=== Section Start ===

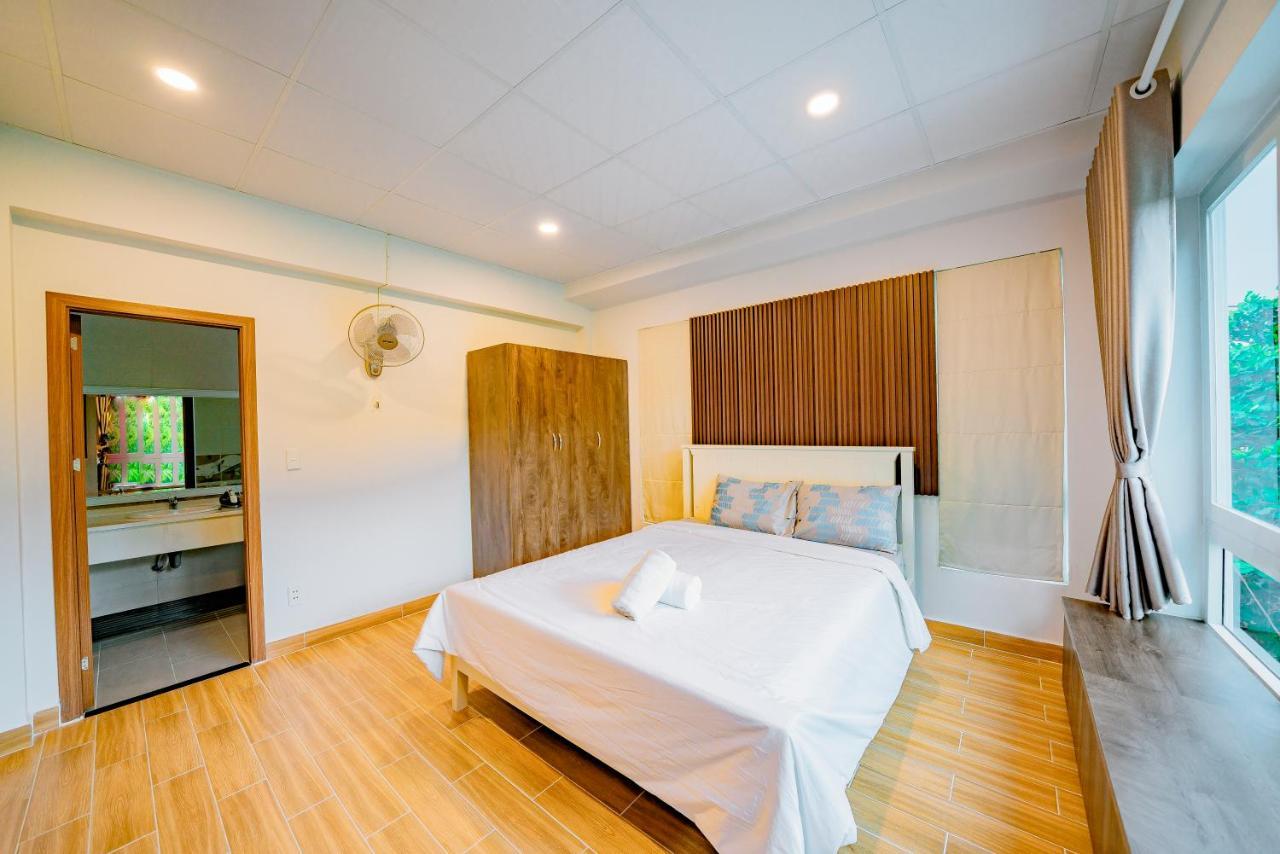Kien Vang Aparthotel 2*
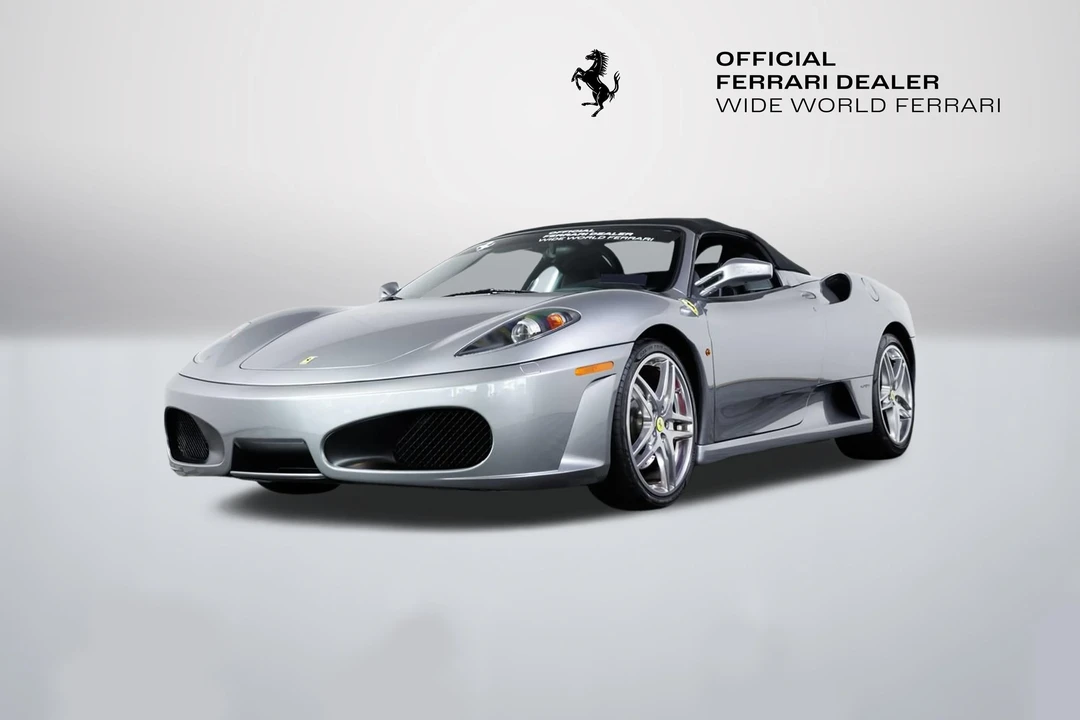 2006 Ferrari F430 Spider - Image 2 of 31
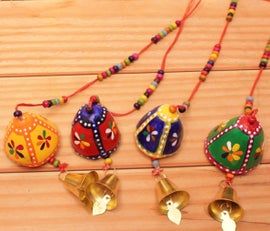 低成本自制拉贾斯坦风格壁饰教程-废弃材料DIY-第32张图片-趣作屋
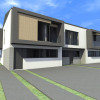 ul. Wilsona,pow. 74,26m²,4 pokoje,2 miejsca postojowe, SuperMiejsce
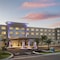 Holiday Inn Express Cape Canaveral By Ihg - map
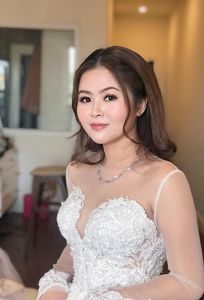 Makeup Phu Quoc - Mei Yi | Trang Điểm Phú Quốc chuyên Trang điểm cô dâu tại Tỉnh Kiên Giang - Marry.vn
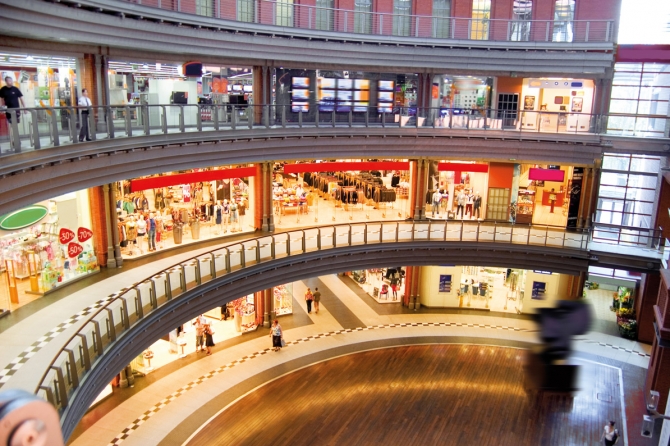 Segmentation in Fashion Wholesale: Using Resources Effectively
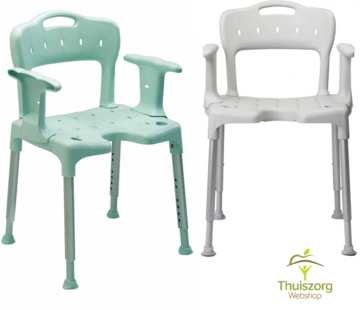 Douchestoel Design Etac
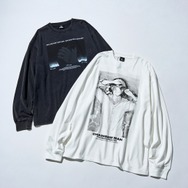 「劇場版『チェンソーマン レゼ篇』コラボフォトプリントロンT」各6,000円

=== Section End ===

Problem to work on: The line containing "Holiday Inn Express" marks the end: transcribe every line from the start of the listing up to and including it, minus the pictures.

Task result:
Kien Vang Aparthotel 2*
 2006 Ferrari F430 Spider - Image 2 of 31
 低成本自制拉贾斯坦风格壁饰教程-废弃材料DIY-第32张图片-趣作屋
 ul. Wilsona,pow. 74,26m²,4 pokoje,2 miejsca postojowe, SuperMiejsce
 Holiday Inn Express Cape Canaveral By Ihg - map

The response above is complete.